Embodiments of this aspect include detailed controls not only for
managing the introduction of fluids but also tracking manual
activity adding either water or superplasticizer to the mixture, as
well as evaluating the appropriateness of drum activity, the
adequacy of mixing, and the details of concrete pour actions. This
provision for detailed logging and tracking is also an independent
aspect of the invention.
It is also an independent aspect of the invention to provide novel
configurations of a concrete truck water supply to facilitate cold
weather operation, and to control the same to manage cold weather
conditions. The invention also features novel configurations of
sensors for drum rotation detection, and novel configurations for
communication of status to a central dispatch center.
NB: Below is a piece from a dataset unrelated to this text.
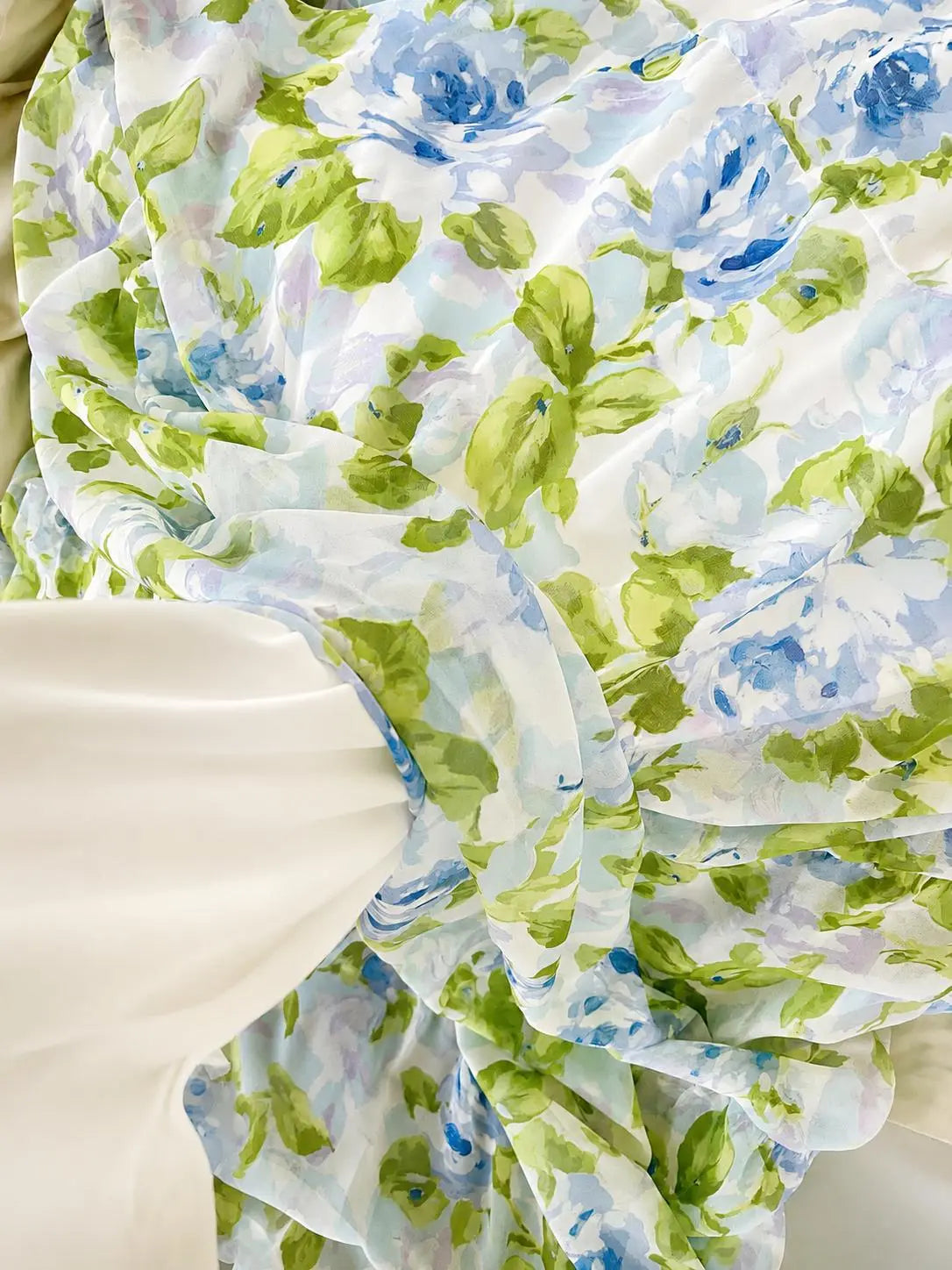 Robe Flora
In a further aspect, the invention provides a method for managing
and updating slump lookup tables and/or processor code while the
vehicle is in service.
Various additional objectives, advantages, and features of the
invention will become more readily apparent to those of ordinary
skill in the art upon review of the following detailed description
of embodiments taken in conjunction with the accompanying
drawings.
BRIEF DESCRIPTION OF THE DRAWINGS
FIG. 1 is block diagram of a system for calculating and reporting
slump in a delivery vehicle constructed in accordance with an
embodiment of the invention;
FIG. 2 is a flow charge generally illustrating the interaction of
the ready slump processor and status system of FIG. 1;
FIG. 3 is a flow chart showing an automatic mode for the RSP in
FIG. 1;
FIG. 4 is a flow chart of the detailed operation of the ready slump
processor of FIG. 1;
FIG. 4A is a flow chart of the management of the horn operation by
the ready slump processor;
FIG. 4B is a flow chart of the management of the water delivery
system by the ready slump processor;
FIG. 4C is a flow chart of the management of slump calculations by
the ready slump processor;
FIG. 4D is a flow chart of the drum management performed by the
ready slump processor;
FIG. 4E is a flow chart of the cold weather functions of the ready
slump processor;
FIG. 5 is a state diagram showing the states of the status system
and ready slump processor;
FIGS. 5A, 5B, 5C, 5D, 5E, 5F, 5G, 5H, 5I and 5J are flow charts of
the actions taken by the ready slump processor in the in_service,
at_plant, ticketed, loading, loaded, to_job, on_job, begin_pour,
finish_pour and leave_job states, respectively.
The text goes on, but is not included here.